第35話 牢獄にて

「ほら、ここに入ってるんだ。君の主人が引き取りに来たら出して上げるから」


 一通りの取り調べが終わった後、イリアは聖剣や手荷物を全て没収されて、広い牢屋の中へと入れられた。


 イリアは取り調べ中も「知らない、分からない」の一点張りであったが、手首のタグの番号により誰の管理下にあるべきかは既に判明してしまっている。

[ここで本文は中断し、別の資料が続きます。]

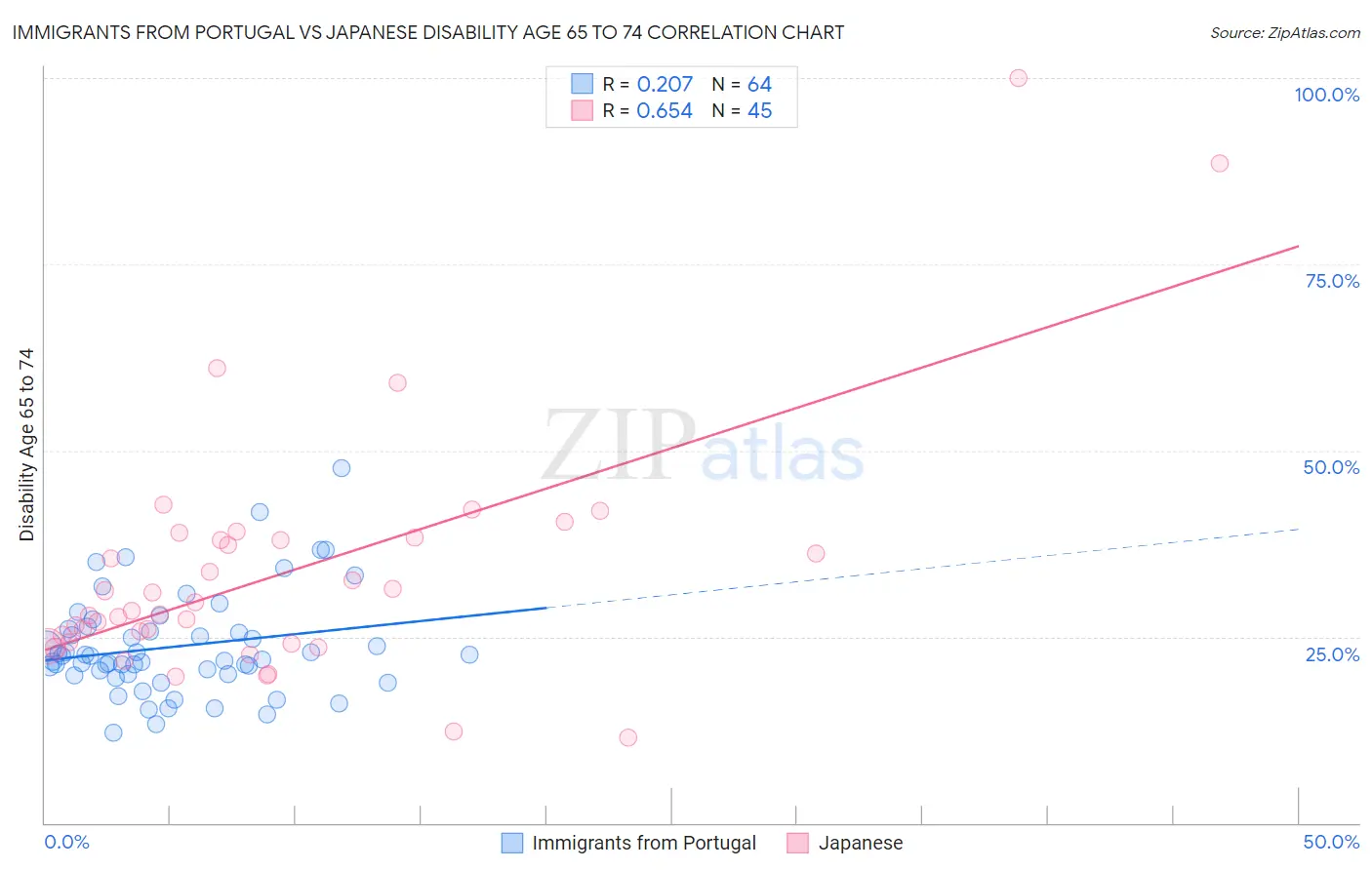 Immigrants from Portugal vs Japanese Disability Age 65 to 74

「おい、何だその子は? その子が何をしたかは知らないがよりによってに入れなくたっていいだろう」


 イリアが牢に入れられたタイミングで別の衛兵の男から声がかかる。鼻の下に髭を蓄えた、優しそうな風貌の衛兵だ。

 


「ああ、主人とはぐれて迷子になってた奴隷の子でな。どうも他所から来たみたいで、この国のルールが分からずに市民とトラブルになっていたので連行してきた次第だ」


「今のとこ使える牢も一杯だからな。別にでも構わないだろう? どうせすぐに空きになるんだ。それに少しは怖い思いをした方が、おイタした子供にはいいお灸になるだろ。この子の主人は今からでも探しにいくさ」


 意味深な言葉を混ぜながらイリアを連れてきた衛兵は同僚に説明する。


「はあ、まったくお前は子供にも厳しいな。せめて自分の子供くらいには優しくしとけよ。じゃないといつか後悔するぞ。……それはともかく、今日はこれから例の件で人手が足りないんだからその子供の主人探しは後回しにしてくれ」



「おっともうそんな時間か。ま、それなら仕方がない。それじゃ俺も現場の応援に回ってくるよ」


 そう言ってイリアを連行してきた男は腕を回しながら去っていく。


 すると、もう一人の髭の男も足早に去っていき、しばらくすると牢に戻ってきた。



「はい、お嬢ちゃん。おじさんの昼ご飯なんだけど、これから忙しくてどうも食べれそうにないんだ。お嬢ちゃんをすぐにここから出すのも今日は難しいかもしれないから、お腹が空いたらそれを食べなさい。あ、あと、危ないからこの牢の奥の方へは行ってはいけないよ」


 それだけを告げてお弁当と水筒を渡すと、男はまた急ぎ足で出ていった。

 お礼を言う間もなく、置いていかれたイリアはキョトンとしてしまう。


 当たり前のように奴隷である子供にも一定の優しさを示す人たち。それが魔法使いが相手とあらば何故あそこまで残酷になれるのか。


 そんなことを一人思い悩んでいると、



「み、……水」


 牢の奥、暗く、闇と同化してしまいそうな壁の方から掠れた声が聞こえてきた。